D’ailleurs, on remarquera que la comédienne est énormément dans la retenue, elle n’apporte rien d’elle-même à la différence de Saldana et de Nur. De fait, le personnage n’est pas vraiment intéressant et un peu terne. Parce que Cruz préfère se taire pour éviter de déborder.
Aaliyah, l’esprit libre
La véritable révélation de la série est à la fois le personnage d’Aaliyah et son interprète, Stephanie Nur qui explose à l’écran. Il faut dire que son rôle est intéressant à plus d’un titre. Elle est cette jeune femme musulman moderne, enfant gâtée avec les pieds sur terre qui a pleinement conscience de vivre ses derniers instants de liberté en tant que femme.
Bien qu’elle doive épouser un homme qu’elle n’aime pas, elle reste positive soulignant qu’au moins, il n’est pas méchant (euh !). Elle ne veut pas renoncer à sa liberté mais elle se fait une joie que le mariage se déroule à Majorque. Elle sait que si elle dit non à son union, elle risque d’être tuée, elle connaît son destin depuis qu’elle est en âge de comprendre.
Les plus romantiques parleront d’amour mais la réalité est sans doute plus terre à terre : elle va prendre de Cruz ce dont elle a besoin parce que c’est elle et que c’est maintenant. Et elle n’a sans doute pas été la première.
There is nothing safe inside this world…but there is a world inside the world. A special world, and I’m going to show it to you.
Joe, entre deux mondes
On devine au long discours que Joe fait à une Cruz complètement paumée qu’elle a connu des situations d’errances sentimentales similaires lors de missions sur le terrain. La grande réussite de Zoe Saldana est de parvenir à faire de Joe une héroïne dure mais compréhensive juste ce qu’il faut.
A la différence de Cruz et d’Aaliyah, il n’y a pas de sentiment qui interfère avec la mission qui lui a été assignée. Elle n’aime pas Cruz, elle ne déteste pas Cruz. Elle se sert de Cruz et elle la manipule.
Look at me, I know how it feels. Always on guard, no one you can confide in. There’s alone, and then there’s you. I get it. I also know that you have been abused and ignored, you have no family. You have no friends, and you gave yourself to the Marines, and then to me – and now you have a purpose, and it is noble, but it can’t make you feel loved. It can’t make you feel wanted, and people need that. She made you feel that, and I’m glad, but don’t delude yourself into thinking she’s in love with you. You’re her last hurrah before she assumes the role of baby-maker and baby-raiser.

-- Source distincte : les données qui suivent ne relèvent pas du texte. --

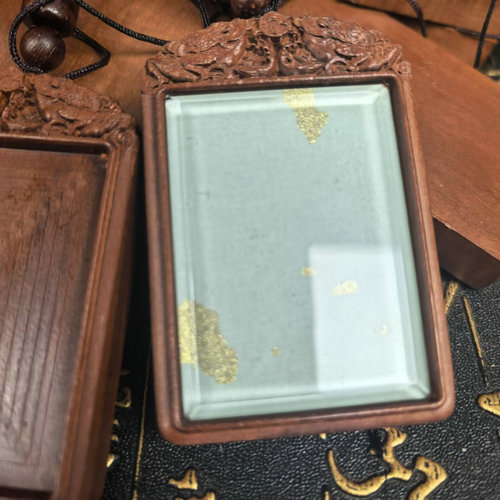 Kutija thangka od drveta jujube, s prozirnim akrilnim pločom, otvara se, šuplja amuletna privjesak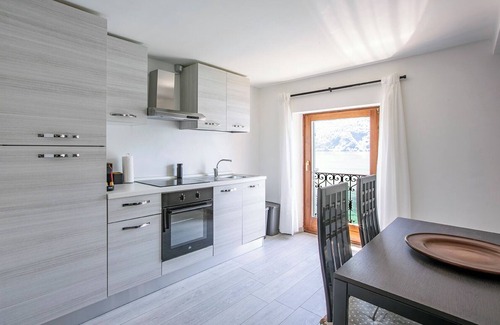San Mamete Apartment | La Sentinella - Lake View & Panoramic Terrace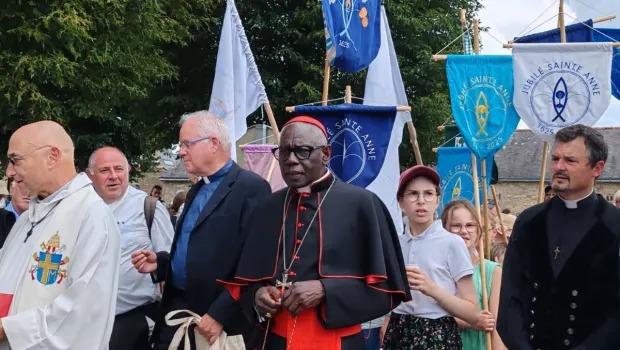 Lire la suite à propos de l’article L’homélie choc du Cardinal Sarah à Sainte Anne d’Auray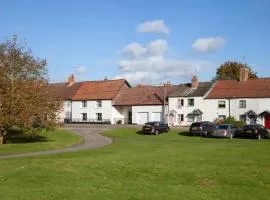 Luxury 1 bed cottage with hot tub and log burner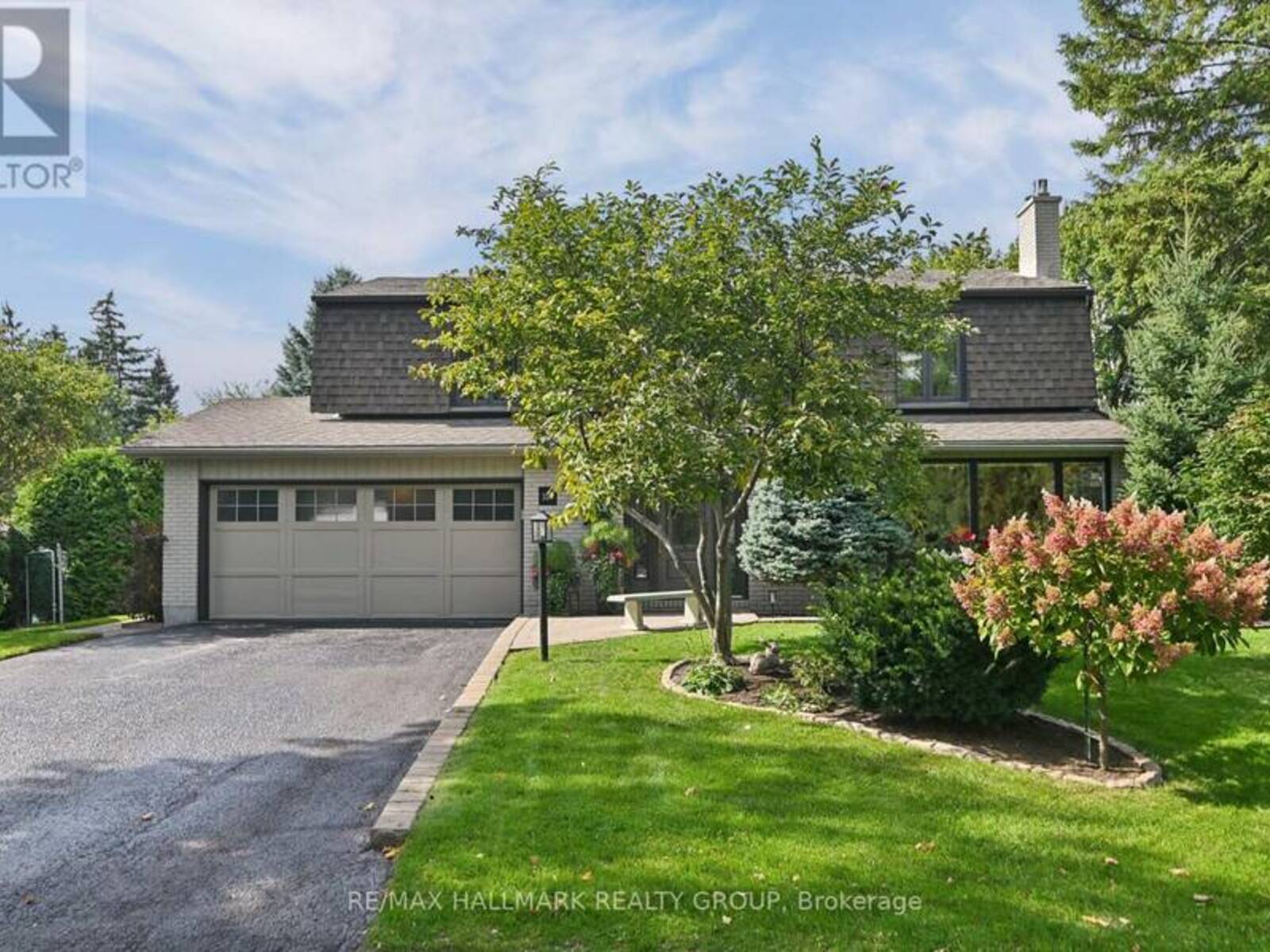 109 PARKGLEN COURT, Ottawa, Ontario K2G 3H2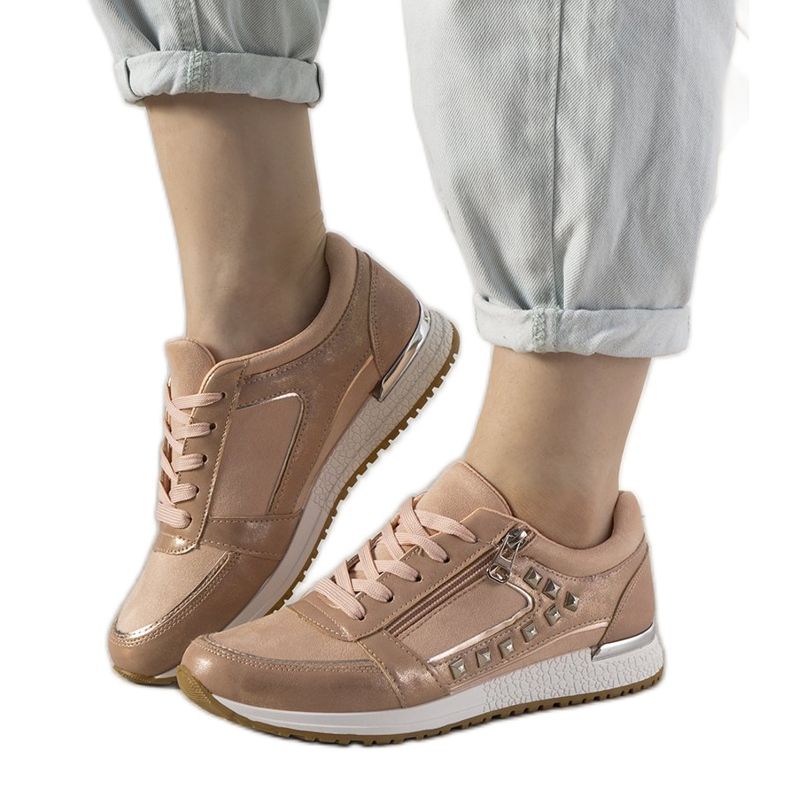 Růžové sportovní tenisky zdobené cvočky Daphne růžový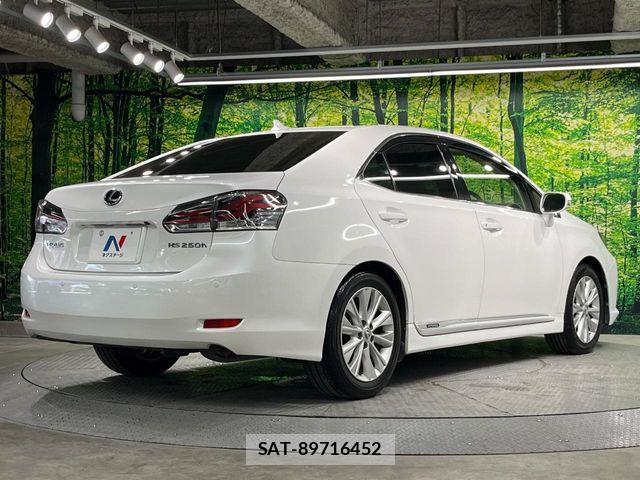 Lexus HS 2014-12 6907671-16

En revanche, la souffrance de Joe se situe dans l’insupportable séparation entre son travail et sa famille. Ce boulot qu’elle semble adorer et subir en même temps avec une cheffe compréhensive mais stricte (Kidman, momifiée) l’éloigne toujours plus de ses filles et de son mari.
Et quand la raison d’état t’empêche de voir ton enfant sur son lit d’hôpital, c’est à revoir ses priorités. Qui plus, quand ta protégée finit par te haïr et te faire assez justement remarquer que ce que tu considères comme un sacerdoce contribue au problème.
Bien que se situant à différents échelons sur l’échelle des responsabilités, Cruz, Aaliyah et Joe sont bel et bien prisonnières de leur destin respectif. Et ironiquement, à la fin de la saison, il ne tient qu’à elles de changer la donne. Seule l’une d’entre elles semble faire le bon choix.